Quand je le rencontre, porté par son disque ainsi qu’une physionomie, une sexualité et une voix hors normes, Antony Hegarty (c’est son nom, irish) est en train de se faire vitrifier en zozo de paradis, ce qui sera aussi le cas en 2006 de Beth Ditto, la chanteuse des Gossip, pour Standing in the Way of Control. Et comme être freak (quand on a un incroyable talent), c’est chic, il est en train de devenir (cu)culte. Mais il ne l’est pas encore. Il n’a pas encore vaporisé son supplément dame comme d’autres leur Air Wick sur les disques de CocoRosie, Matmos, Joan Wasser (alias Joan As Police Woman), Michael Cashmore, Yoko Ono, Björk, Marc Almond, Laurie Anderson, Hercules and Love Affair, Marianne Faithfull, et j’en passe. (Mention spéciale au Snow Abides de Michael Cashmore qu’une amie m’offrira à sa sortie, deux ans plus tard. C’est un superbe 5 titres d’ambiance baroque, piano-violons. Merci.)

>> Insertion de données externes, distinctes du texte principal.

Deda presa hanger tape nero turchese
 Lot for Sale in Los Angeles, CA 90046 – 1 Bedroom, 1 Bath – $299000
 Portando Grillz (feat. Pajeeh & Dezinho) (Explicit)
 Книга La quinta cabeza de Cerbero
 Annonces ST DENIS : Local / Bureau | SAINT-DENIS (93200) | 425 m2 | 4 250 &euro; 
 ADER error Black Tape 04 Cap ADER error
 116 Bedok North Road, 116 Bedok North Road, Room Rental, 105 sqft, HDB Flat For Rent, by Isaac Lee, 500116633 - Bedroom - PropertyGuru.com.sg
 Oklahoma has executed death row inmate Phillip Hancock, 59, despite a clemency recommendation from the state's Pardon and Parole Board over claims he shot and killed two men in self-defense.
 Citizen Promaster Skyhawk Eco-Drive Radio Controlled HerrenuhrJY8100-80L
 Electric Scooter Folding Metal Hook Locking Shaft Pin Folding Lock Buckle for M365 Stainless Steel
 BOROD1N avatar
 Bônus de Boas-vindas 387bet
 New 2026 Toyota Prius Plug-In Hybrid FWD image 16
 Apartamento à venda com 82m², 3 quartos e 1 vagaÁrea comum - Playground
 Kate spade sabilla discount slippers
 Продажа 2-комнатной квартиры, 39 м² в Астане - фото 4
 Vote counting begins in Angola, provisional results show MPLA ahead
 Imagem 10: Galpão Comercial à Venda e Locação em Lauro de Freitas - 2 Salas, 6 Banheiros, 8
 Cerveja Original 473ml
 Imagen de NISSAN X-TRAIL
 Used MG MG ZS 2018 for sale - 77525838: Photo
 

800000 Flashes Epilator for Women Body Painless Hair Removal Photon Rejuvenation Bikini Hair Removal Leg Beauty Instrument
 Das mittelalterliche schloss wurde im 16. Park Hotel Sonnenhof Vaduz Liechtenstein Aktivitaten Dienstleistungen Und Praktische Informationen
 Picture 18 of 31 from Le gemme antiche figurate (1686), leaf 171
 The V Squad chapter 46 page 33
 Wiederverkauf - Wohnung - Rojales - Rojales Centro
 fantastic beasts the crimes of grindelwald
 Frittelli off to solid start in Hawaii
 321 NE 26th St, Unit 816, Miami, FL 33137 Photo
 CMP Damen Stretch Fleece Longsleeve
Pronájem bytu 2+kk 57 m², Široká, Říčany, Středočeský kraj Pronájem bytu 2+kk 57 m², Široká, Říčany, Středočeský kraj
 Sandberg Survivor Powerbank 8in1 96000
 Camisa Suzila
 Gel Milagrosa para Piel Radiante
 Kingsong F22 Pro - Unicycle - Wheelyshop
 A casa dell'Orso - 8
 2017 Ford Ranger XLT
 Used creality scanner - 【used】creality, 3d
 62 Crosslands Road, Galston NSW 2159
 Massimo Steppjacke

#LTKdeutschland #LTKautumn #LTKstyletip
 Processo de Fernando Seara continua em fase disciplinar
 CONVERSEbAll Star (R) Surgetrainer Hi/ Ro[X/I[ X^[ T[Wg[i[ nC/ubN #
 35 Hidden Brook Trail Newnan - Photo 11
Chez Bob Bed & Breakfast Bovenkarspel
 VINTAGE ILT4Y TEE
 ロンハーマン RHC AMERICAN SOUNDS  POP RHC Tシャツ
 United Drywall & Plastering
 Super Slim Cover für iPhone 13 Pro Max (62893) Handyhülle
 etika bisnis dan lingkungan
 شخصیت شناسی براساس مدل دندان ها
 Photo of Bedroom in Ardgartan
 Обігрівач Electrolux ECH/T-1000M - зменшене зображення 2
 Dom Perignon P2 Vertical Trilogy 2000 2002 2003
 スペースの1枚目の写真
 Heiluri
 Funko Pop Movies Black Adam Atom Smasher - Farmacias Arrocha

Antony n’est pas encore le truc qu’il est de bon ton d’aimer. Il n’est pas encore, malgré lui, une poule de luxe épate bobo qui illustrera musicalement un film d’animation pour Prada. (Bobo : ceux que vous entendrez se gargariser de vous dire qu’ils adooorent I am bird Now comme s’ils disaient : « Aimer c’est ce qu’y a d’plus beau / Aimer, c’est monter si haut / Et toucher les ailes des oiseaux… » alors qu’ils disent plutôt : « T’sais quoi ? Hier machin m’a fait jouir trois fois ! ») Là, il s’agit juste de faire connaissance avec ce super artiste qui semble tombé de nulle part. Et puis c’est tea time. Alors je la joue candide, gentleman au possible (je ne devrais pas, surtout que je suis là pour Technikart.com, alors je devrais y aller franco, rentrer dans l’art). Je remballe d’emblée la question un poil fouille-merde que je voulais lui poser. Celle qui concerne le morceau « Fistful of Love ». Grosse erreur.

Le journaliste qui prendra ma relève (Chronicart) ne manquera pas de poser la question : « Ce morceau parle-t-il de fistfucking ? » et ce sera scoop régalade pour sa « guhl ». « Non, répondra Antony. Ça m’amuse un peu mais ça parle plutôt de ces moments où tu es meurtri par les personnes que tu aimes le plus au monde. Quand tu aimes tellement quelqu’un que tu peux endurer les pires choses. Et à quel point cette situation est universelle. Elle peut s’appliquer à une relation amicale, un contexte familial… Non, vraiment, je suis très naïf. Je n’ai jamais pensé à ça. (…) Ce qui est assez drôle c’est que j’ai appelé mon groupe « The Johnsons » en référence à un de mes héros, qui s’appelait Johnson et j’ai découvert que « johnson » voulait dire « pénis » en argot black aux Etats-Unis : Antony et les Pénis. Je fais toujours ce genre d’erreur stupide ! » Allez, sur ce soyons fous : « Tea for Two » !

 

« Croire que ce disque n’est qu’une ode transgenre est une erreur »

 

Bonjour Antony. Comment s’est passée ta White Session hier à la Maison de la Radio ?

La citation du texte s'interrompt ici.